Emeka Ogboh | In-conversation

Speakers: Emeka Ogboh, Tessa Giblin, Dr Bonaventure Soh Bejeng Ndikung, Morag J Grant and Dr. Katharina von Ruckteschell-Katte.
Presented in partnership with Goethe Institute Glasgow.
This online conversation presents a unique opportunity to hear Emeka Ogboh discuss the themes of his Edinburgh Art Festival commission, Song of the Union, with Tessa Giblin, Director of Talbot Rice Gallery and the project’s curator, and related experts, including the Founder and Artistic Director of Savvy Contemporary and curator of Sonsbeek 2020, Dr. Bonaventure Soh Bejeng Ndikung, and the musicologist Morag J Grant. With an introduction by Dr. Katharina von Ruckteschell-Katte, Director Goethe-Institut London.

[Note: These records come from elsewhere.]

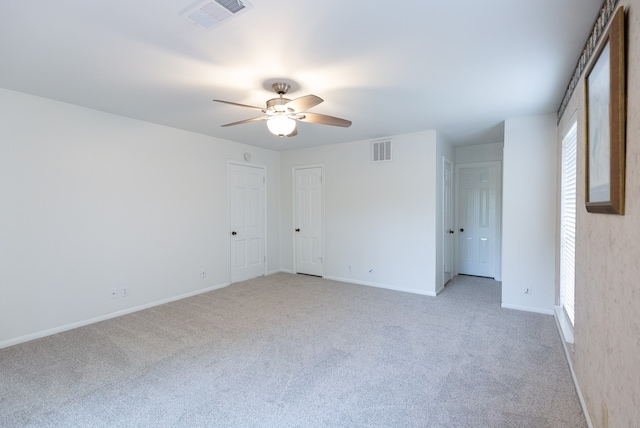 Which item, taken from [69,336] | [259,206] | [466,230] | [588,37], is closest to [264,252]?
[259,206]

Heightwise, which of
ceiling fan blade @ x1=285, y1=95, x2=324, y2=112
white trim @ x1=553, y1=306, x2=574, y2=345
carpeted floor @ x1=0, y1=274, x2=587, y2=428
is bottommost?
carpeted floor @ x1=0, y1=274, x2=587, y2=428

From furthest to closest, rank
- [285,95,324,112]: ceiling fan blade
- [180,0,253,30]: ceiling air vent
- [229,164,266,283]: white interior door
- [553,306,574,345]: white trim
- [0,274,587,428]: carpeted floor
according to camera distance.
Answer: [229,164,266,283]: white interior door
[553,306,574,345]: white trim
[285,95,324,112]: ceiling fan blade
[0,274,587,428]: carpeted floor
[180,0,253,30]: ceiling air vent

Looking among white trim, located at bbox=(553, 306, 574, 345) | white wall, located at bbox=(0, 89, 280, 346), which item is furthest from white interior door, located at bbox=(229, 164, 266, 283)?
white trim, located at bbox=(553, 306, 574, 345)

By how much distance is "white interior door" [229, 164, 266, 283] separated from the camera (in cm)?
525

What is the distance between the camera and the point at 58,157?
328 centimetres

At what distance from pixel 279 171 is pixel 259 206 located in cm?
88

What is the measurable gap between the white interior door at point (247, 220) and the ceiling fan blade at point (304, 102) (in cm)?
287

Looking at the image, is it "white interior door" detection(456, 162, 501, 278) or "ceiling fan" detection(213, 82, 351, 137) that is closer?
"ceiling fan" detection(213, 82, 351, 137)

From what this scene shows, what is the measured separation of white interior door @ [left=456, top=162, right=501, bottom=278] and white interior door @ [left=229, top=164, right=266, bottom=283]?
371 centimetres

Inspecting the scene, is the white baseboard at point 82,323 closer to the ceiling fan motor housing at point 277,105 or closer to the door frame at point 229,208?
the door frame at point 229,208

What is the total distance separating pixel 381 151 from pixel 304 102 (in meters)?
2.67

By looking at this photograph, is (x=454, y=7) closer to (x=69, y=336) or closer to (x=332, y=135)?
(x=332, y=135)

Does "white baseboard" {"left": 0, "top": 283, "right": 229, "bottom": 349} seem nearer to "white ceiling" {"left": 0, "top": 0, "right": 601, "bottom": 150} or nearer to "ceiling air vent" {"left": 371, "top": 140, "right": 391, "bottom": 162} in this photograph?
"white ceiling" {"left": 0, "top": 0, "right": 601, "bottom": 150}

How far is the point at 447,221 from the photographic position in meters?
5.14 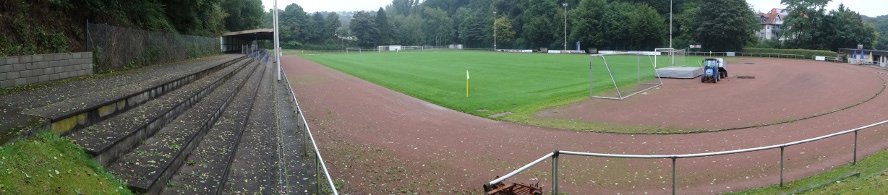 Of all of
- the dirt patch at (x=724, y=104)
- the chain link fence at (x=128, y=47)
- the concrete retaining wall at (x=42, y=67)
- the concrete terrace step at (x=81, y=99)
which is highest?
the chain link fence at (x=128, y=47)

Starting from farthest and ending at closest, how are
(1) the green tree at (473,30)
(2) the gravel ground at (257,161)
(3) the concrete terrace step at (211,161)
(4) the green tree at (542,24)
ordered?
(1) the green tree at (473,30) → (4) the green tree at (542,24) → (2) the gravel ground at (257,161) → (3) the concrete terrace step at (211,161)

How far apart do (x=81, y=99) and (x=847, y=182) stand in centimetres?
1341

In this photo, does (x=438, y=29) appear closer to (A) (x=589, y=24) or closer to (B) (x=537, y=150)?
(A) (x=589, y=24)

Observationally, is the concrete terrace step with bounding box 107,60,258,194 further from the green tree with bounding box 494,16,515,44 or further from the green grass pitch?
the green tree with bounding box 494,16,515,44

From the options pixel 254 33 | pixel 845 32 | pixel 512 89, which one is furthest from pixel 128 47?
pixel 845 32

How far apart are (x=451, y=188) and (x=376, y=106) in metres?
13.3

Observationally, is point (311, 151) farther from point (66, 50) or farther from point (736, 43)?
point (736, 43)

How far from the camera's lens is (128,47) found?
2277 cm

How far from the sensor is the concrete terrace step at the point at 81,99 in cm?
907

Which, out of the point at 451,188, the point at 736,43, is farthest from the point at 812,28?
the point at 451,188

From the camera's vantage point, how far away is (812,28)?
80.1 m

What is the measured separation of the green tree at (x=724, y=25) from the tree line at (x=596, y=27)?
0.12 metres

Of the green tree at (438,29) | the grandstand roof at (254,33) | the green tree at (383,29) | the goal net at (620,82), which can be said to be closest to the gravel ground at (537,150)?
the goal net at (620,82)

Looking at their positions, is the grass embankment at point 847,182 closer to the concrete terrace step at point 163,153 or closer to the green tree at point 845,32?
→ the concrete terrace step at point 163,153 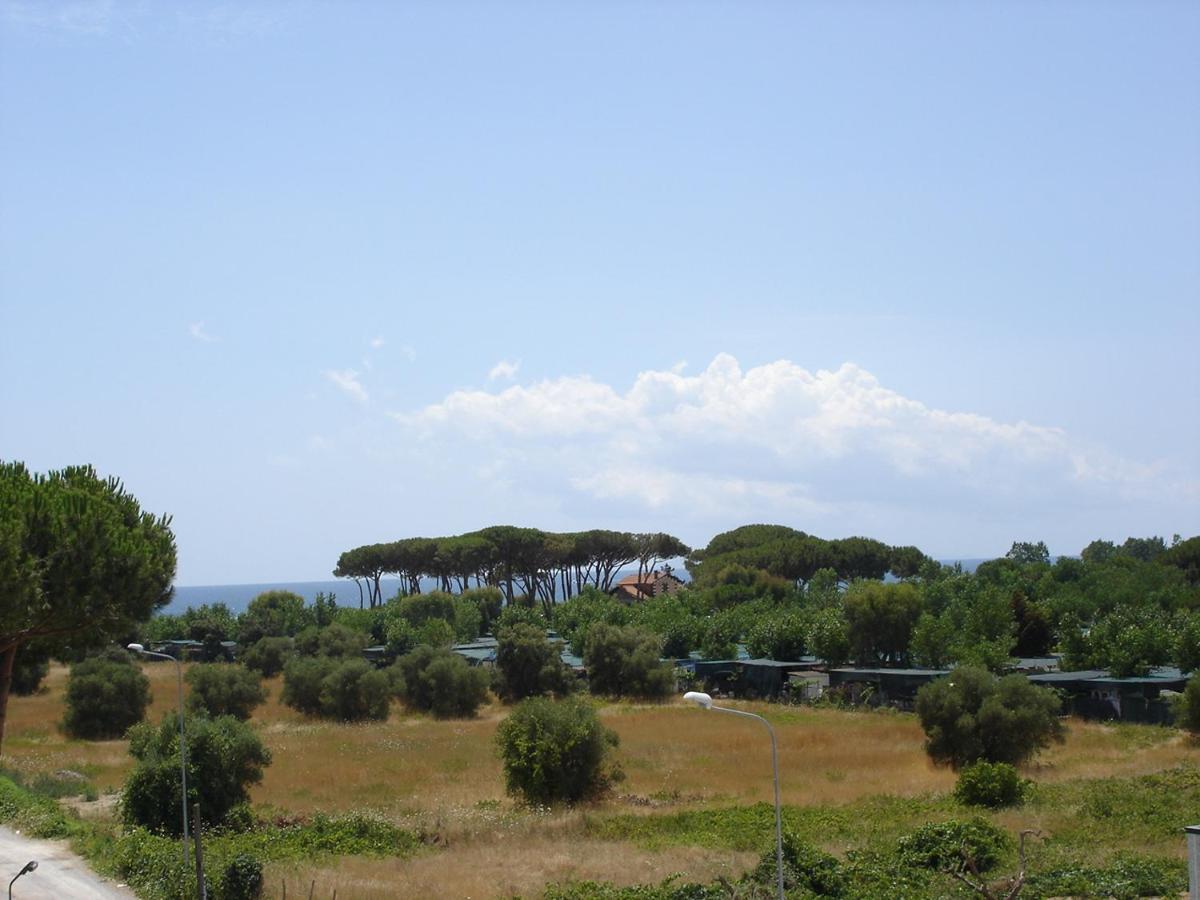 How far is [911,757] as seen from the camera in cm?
4072

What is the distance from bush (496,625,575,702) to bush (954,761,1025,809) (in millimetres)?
31848

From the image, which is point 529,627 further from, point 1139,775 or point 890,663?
point 1139,775

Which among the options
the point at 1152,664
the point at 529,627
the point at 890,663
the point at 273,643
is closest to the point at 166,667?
the point at 273,643

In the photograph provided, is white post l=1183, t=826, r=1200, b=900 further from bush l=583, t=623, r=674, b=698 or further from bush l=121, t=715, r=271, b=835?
bush l=583, t=623, r=674, b=698

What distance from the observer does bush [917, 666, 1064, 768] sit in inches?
1463

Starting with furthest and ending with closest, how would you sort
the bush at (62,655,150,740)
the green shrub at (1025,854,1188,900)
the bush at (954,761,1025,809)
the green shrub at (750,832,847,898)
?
the bush at (62,655,150,740) < the bush at (954,761,1025,809) < the green shrub at (750,832,847,898) < the green shrub at (1025,854,1188,900)

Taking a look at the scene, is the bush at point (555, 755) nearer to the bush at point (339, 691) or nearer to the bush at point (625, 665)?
the bush at point (339, 691)

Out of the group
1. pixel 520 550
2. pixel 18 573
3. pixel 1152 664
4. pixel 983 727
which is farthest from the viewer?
pixel 520 550

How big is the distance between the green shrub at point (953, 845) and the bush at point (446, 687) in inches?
1380

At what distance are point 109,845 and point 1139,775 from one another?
88.7 ft

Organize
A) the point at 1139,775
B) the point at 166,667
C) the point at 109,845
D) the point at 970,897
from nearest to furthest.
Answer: the point at 970,897
the point at 109,845
the point at 1139,775
the point at 166,667

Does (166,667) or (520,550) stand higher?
(520,550)

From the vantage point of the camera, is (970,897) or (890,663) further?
(890,663)

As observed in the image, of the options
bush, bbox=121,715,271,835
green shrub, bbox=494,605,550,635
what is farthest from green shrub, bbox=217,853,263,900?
green shrub, bbox=494,605,550,635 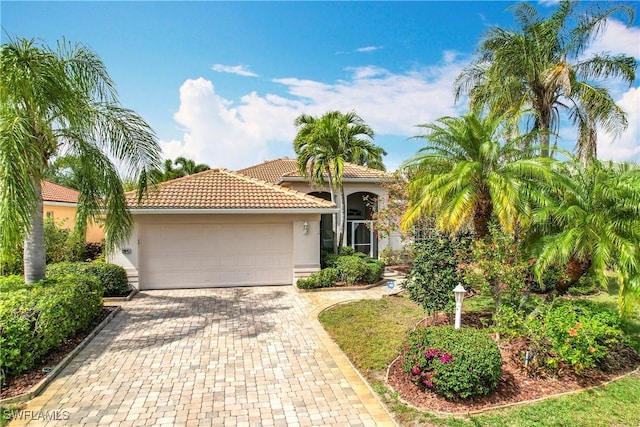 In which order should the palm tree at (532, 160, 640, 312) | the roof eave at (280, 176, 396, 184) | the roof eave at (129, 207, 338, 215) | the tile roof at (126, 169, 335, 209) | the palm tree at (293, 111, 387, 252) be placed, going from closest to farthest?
the palm tree at (532, 160, 640, 312) < the roof eave at (129, 207, 338, 215) < the tile roof at (126, 169, 335, 209) < the palm tree at (293, 111, 387, 252) < the roof eave at (280, 176, 396, 184)

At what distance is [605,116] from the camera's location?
48.1 ft

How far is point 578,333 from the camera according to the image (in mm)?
6441

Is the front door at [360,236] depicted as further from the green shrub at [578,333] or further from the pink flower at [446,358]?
the pink flower at [446,358]

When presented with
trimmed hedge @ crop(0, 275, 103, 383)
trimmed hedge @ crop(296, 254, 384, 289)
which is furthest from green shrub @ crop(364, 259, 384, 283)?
trimmed hedge @ crop(0, 275, 103, 383)

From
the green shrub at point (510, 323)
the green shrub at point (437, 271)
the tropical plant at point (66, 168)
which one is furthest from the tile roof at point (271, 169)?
the green shrub at point (510, 323)

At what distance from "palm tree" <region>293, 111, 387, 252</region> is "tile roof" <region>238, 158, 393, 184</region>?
172 cm

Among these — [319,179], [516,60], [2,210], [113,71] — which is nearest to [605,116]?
[516,60]

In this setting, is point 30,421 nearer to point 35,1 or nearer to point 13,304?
point 13,304

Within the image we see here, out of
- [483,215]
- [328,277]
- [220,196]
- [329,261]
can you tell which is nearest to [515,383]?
[483,215]

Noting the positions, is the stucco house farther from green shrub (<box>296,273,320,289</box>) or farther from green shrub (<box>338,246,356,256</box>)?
green shrub (<box>338,246,356,256</box>)

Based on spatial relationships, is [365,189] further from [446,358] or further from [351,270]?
→ [446,358]

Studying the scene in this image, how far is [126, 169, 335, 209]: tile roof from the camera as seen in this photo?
45.6 ft

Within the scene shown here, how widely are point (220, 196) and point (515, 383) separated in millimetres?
12007

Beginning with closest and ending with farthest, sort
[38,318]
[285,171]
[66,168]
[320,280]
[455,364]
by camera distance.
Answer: [455,364]
[38,318]
[66,168]
[320,280]
[285,171] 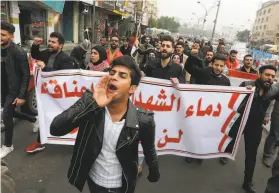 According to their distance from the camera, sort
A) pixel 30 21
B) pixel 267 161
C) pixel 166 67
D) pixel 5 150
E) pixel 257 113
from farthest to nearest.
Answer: pixel 30 21, pixel 267 161, pixel 166 67, pixel 5 150, pixel 257 113

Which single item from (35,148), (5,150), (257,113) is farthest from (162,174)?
(5,150)

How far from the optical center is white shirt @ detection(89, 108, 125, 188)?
1803 mm

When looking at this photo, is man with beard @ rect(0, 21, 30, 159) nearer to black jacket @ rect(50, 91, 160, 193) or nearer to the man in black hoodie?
black jacket @ rect(50, 91, 160, 193)

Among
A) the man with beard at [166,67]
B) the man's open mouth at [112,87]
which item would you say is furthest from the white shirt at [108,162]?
the man with beard at [166,67]

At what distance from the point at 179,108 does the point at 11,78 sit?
2.37 meters

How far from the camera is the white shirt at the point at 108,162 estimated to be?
1.80m

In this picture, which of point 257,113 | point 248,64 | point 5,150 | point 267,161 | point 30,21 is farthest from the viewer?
point 30,21

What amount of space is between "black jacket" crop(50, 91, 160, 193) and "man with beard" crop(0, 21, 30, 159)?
2.11 meters

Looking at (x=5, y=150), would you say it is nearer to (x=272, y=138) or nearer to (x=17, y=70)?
(x=17, y=70)

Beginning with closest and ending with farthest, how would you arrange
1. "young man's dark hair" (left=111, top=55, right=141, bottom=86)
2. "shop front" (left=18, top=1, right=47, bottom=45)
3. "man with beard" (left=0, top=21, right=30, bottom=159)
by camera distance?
"young man's dark hair" (left=111, top=55, right=141, bottom=86) < "man with beard" (left=0, top=21, right=30, bottom=159) < "shop front" (left=18, top=1, right=47, bottom=45)

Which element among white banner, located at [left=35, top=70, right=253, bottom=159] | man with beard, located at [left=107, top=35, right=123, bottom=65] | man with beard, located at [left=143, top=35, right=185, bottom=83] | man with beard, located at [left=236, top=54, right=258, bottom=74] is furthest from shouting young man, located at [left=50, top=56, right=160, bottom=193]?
man with beard, located at [left=236, top=54, right=258, bottom=74]

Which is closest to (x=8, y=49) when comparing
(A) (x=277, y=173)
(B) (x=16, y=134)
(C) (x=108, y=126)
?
(B) (x=16, y=134)

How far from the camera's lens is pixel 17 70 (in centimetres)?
357

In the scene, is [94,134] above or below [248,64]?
below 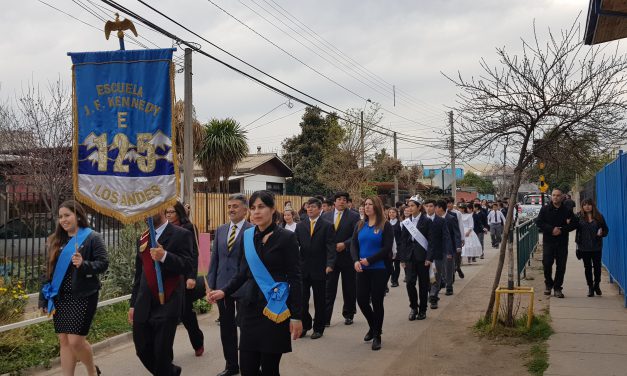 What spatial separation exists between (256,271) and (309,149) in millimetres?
32213

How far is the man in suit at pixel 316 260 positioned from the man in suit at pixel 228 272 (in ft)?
6.51

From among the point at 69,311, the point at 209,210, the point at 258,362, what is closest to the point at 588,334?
the point at 258,362

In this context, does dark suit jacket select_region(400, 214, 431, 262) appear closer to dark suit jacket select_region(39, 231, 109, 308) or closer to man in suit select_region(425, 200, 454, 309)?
man in suit select_region(425, 200, 454, 309)

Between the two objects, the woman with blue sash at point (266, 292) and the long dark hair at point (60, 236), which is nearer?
the woman with blue sash at point (266, 292)

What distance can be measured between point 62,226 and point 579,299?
8485 millimetres

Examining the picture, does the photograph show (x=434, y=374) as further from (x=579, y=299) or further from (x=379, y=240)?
(x=579, y=299)

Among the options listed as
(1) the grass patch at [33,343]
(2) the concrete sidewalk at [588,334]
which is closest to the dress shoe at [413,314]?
(2) the concrete sidewalk at [588,334]

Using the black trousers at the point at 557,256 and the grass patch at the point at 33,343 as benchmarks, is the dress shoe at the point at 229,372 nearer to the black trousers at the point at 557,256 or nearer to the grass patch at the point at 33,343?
the grass patch at the point at 33,343

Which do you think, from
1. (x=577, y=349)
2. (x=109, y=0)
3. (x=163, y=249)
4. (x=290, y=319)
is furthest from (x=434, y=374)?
(x=109, y=0)

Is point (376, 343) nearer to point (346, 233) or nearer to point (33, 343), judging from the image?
point (346, 233)

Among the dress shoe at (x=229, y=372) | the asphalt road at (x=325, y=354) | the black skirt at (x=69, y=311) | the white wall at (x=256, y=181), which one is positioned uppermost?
the white wall at (x=256, y=181)

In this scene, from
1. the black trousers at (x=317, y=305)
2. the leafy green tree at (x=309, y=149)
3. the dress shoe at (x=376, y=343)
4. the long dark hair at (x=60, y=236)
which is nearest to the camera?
the long dark hair at (x=60, y=236)

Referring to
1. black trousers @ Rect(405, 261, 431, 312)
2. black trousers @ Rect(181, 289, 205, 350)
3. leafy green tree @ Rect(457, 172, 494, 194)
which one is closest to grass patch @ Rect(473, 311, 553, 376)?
black trousers @ Rect(405, 261, 431, 312)

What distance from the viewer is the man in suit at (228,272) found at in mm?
6555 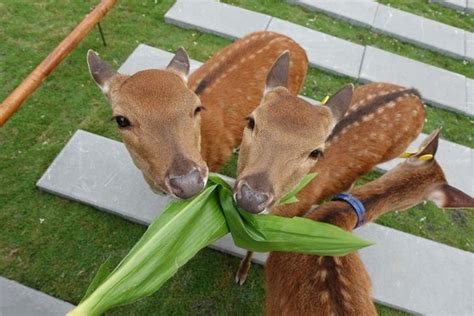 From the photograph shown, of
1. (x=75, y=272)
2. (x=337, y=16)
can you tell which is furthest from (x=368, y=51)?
(x=75, y=272)

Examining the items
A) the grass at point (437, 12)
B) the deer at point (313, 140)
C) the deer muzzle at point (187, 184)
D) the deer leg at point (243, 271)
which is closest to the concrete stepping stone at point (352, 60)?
the grass at point (437, 12)

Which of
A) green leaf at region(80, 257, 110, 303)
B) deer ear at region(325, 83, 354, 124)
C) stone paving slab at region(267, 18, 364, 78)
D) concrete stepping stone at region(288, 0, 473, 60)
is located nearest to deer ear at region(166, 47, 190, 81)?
deer ear at region(325, 83, 354, 124)

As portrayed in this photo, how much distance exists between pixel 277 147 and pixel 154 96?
3.02 ft

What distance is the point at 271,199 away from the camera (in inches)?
102

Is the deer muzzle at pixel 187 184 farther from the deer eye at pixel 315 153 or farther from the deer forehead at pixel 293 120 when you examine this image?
the deer eye at pixel 315 153

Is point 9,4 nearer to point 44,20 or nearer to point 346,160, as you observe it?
point 44,20

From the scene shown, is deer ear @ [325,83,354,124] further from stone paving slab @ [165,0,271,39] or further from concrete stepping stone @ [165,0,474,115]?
stone paving slab @ [165,0,271,39]

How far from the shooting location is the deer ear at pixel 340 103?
3.43 m

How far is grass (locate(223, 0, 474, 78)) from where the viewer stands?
6727 millimetres

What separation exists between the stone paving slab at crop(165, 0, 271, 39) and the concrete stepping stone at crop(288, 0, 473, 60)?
0.92m

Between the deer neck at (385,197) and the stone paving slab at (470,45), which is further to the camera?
the stone paving slab at (470,45)

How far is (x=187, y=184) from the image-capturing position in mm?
2578

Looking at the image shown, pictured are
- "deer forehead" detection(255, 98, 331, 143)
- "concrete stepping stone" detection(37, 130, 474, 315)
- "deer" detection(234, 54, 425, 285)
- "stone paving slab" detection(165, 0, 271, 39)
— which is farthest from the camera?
"stone paving slab" detection(165, 0, 271, 39)

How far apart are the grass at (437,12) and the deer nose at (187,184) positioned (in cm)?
618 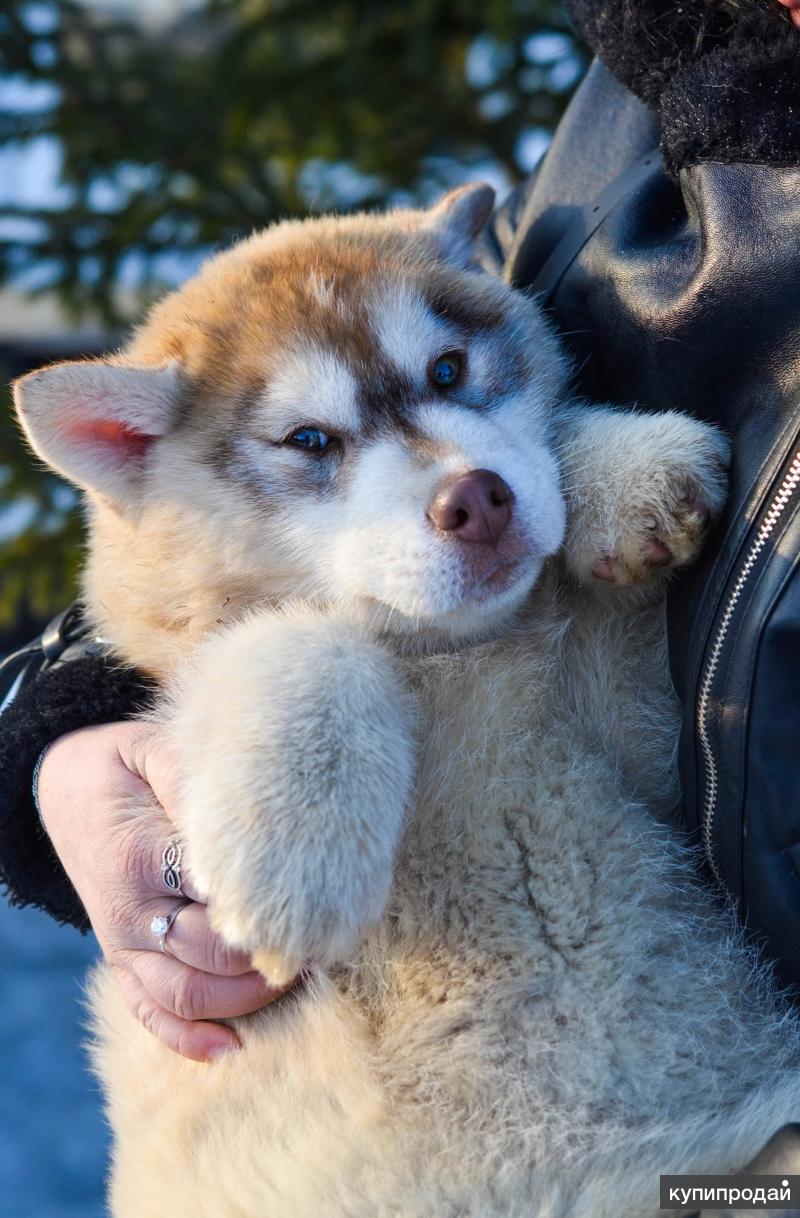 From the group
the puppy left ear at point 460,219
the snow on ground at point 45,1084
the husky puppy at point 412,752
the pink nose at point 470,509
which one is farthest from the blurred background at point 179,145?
the pink nose at point 470,509

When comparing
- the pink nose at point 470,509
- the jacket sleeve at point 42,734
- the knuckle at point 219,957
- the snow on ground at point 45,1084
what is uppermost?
the pink nose at point 470,509

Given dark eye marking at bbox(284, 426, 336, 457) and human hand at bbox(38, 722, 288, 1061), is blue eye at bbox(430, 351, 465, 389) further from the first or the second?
human hand at bbox(38, 722, 288, 1061)

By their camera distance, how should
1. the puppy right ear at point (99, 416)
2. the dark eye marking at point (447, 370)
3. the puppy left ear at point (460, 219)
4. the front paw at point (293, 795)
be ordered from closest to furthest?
the front paw at point (293, 795) → the puppy right ear at point (99, 416) → the dark eye marking at point (447, 370) → the puppy left ear at point (460, 219)

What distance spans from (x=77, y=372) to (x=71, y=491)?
83.7 inches

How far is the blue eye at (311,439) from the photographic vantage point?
2066mm

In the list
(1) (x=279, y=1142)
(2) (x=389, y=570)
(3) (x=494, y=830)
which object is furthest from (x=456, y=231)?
(1) (x=279, y=1142)

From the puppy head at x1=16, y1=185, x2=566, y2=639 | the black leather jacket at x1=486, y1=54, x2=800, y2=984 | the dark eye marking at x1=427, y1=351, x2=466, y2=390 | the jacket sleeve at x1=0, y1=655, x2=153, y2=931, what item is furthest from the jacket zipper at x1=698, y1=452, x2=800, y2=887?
the jacket sleeve at x1=0, y1=655, x2=153, y2=931

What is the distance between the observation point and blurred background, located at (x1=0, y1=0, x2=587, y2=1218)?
373 cm

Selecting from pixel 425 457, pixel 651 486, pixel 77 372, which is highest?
pixel 651 486

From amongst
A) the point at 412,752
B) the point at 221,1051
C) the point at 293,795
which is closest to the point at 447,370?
the point at 412,752

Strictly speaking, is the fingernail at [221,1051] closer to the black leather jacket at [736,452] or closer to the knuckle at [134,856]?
the knuckle at [134,856]

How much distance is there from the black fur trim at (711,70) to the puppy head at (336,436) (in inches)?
21.3

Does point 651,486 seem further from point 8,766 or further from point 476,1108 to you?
point 8,766

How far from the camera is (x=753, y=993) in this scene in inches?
69.3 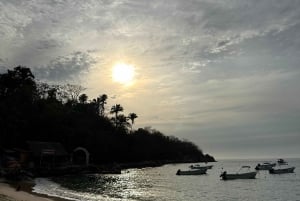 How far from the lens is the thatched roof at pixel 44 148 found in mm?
Answer: 71938

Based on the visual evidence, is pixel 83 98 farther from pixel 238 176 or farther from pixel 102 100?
pixel 238 176

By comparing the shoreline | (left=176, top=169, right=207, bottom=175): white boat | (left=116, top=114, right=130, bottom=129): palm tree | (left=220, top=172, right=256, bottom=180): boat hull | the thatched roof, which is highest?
(left=116, top=114, right=130, bottom=129): palm tree

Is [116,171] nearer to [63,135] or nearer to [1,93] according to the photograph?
[63,135]

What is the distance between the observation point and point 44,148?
73.6 meters

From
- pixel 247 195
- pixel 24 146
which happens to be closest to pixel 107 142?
pixel 24 146

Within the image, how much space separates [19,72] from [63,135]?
19427 mm

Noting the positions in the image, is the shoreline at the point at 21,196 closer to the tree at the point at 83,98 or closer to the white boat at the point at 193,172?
the white boat at the point at 193,172

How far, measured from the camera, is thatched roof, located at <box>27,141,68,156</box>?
71.9 meters

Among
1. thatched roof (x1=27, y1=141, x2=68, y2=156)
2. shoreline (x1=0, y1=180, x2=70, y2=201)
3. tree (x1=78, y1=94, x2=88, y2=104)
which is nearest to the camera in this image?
shoreline (x1=0, y1=180, x2=70, y2=201)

Emeka Ogboh’s newly commissioned sound installation, Song of the Union, is sited in Edinburgh’s Burns Monument, and responds to the ongoing theatre surrounding the UK’s departure from the European Union.
Song of the Union features the recorded voices of citizens from each nation state of the European Union, singing in their mother tongue, ‘Auld Lang Syne’ – a song attributed to the poet Robert Burns (1759-96) and which has come to represent solidarity, friendship and open doors. The resulting polyphonic choir affects a complex interweaving of language, syntax, cadence and rhythm.
The internationally recognised song of farewell was sung in the European Parliament on the 29 January 2020, marking the moment of Britain’s final withdrawal from the European Union.
This online panel discussion draws out some of the wider political and historical contexts informing Song of the Union.